• Action item: From the records below, transcribe only the lines running from the one with "Eglo - LED RGB" through the one with "THE POWERPUFF GIRLS". Keep both of those end lines.

• Dataset entries:

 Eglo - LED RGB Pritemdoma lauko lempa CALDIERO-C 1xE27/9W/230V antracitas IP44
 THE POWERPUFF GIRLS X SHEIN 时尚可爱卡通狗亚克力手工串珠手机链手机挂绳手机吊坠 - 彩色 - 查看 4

* * *

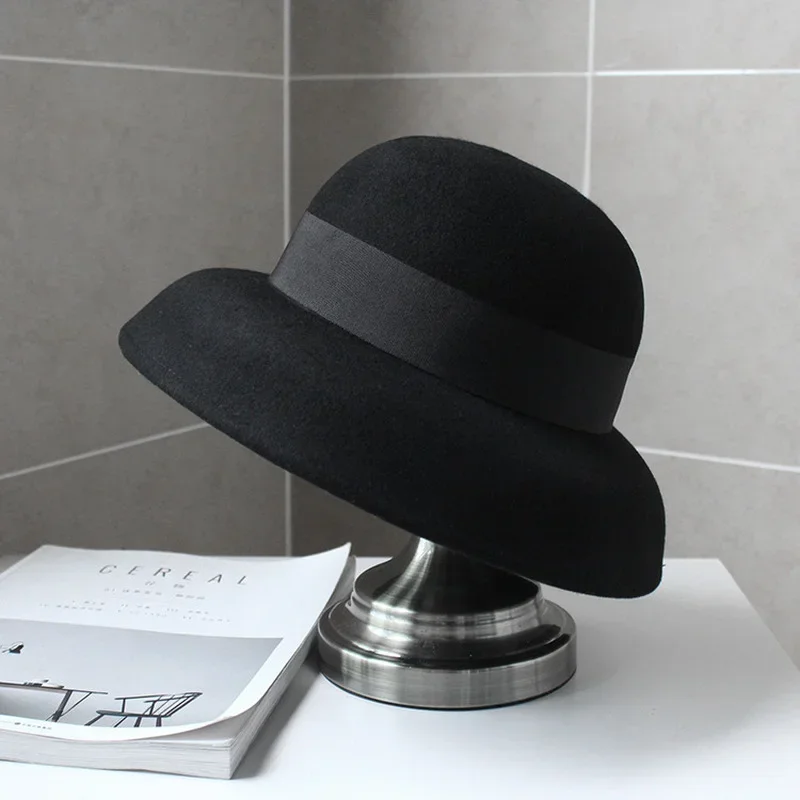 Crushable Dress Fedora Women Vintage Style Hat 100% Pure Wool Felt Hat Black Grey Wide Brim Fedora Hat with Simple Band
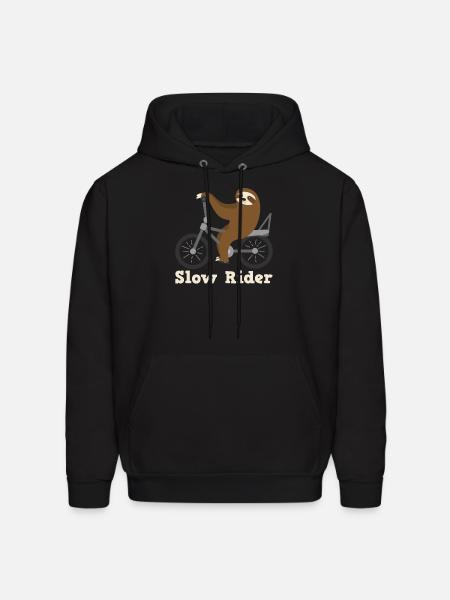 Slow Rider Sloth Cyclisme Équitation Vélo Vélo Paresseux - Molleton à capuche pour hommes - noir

==

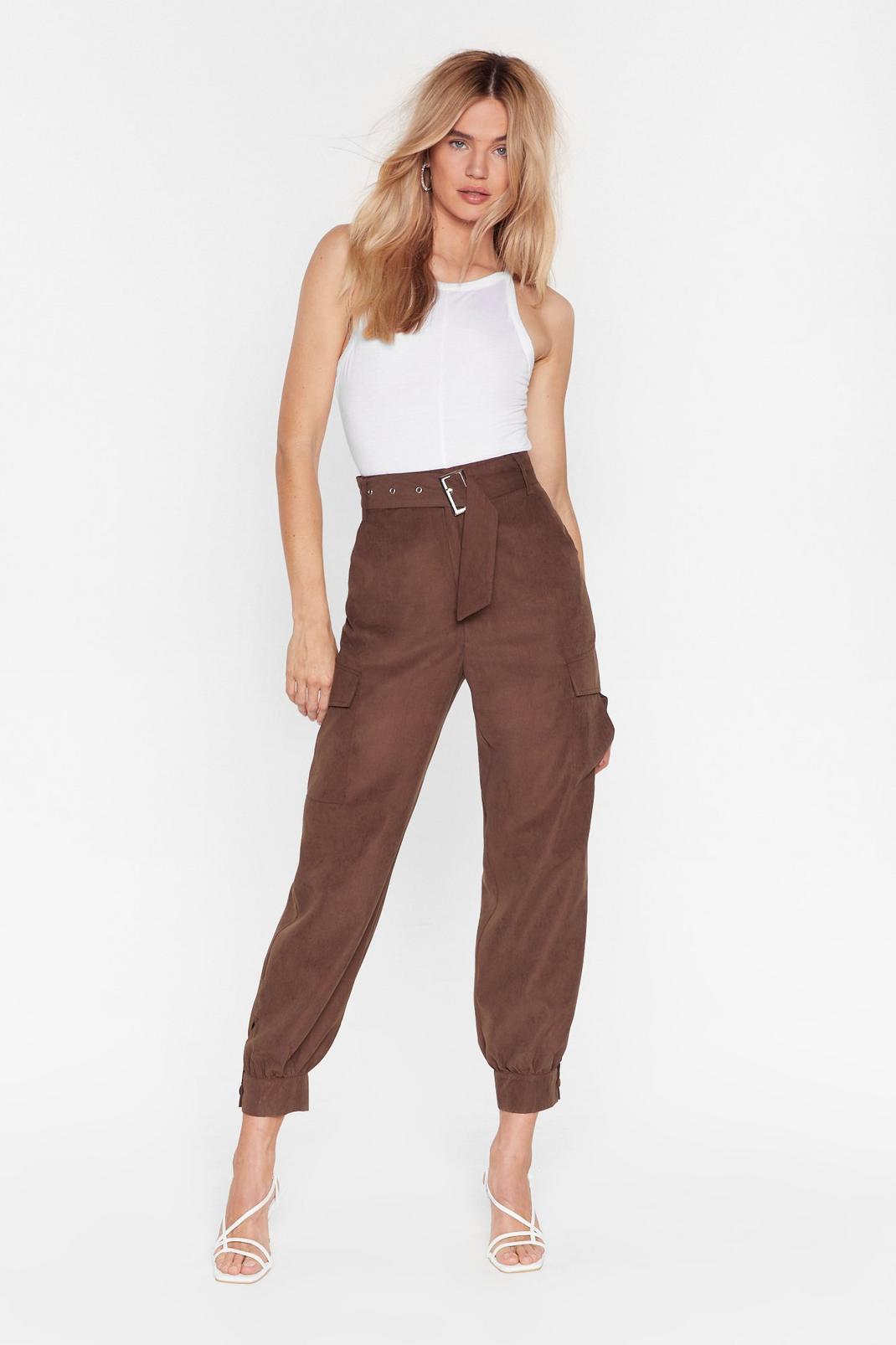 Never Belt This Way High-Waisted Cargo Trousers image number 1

• Response to this task:
 Eglo - LED RGB Pritemdoma lauko lempa CALDIERO-C 1xE27/9W/230V antracitas IP44
 THE POWERPUFF GIRLS X SHEIN 时尚可爱卡通狗亚克力手工串珠手机链手机挂绳手机吊坠 - 彩色 - 查看 4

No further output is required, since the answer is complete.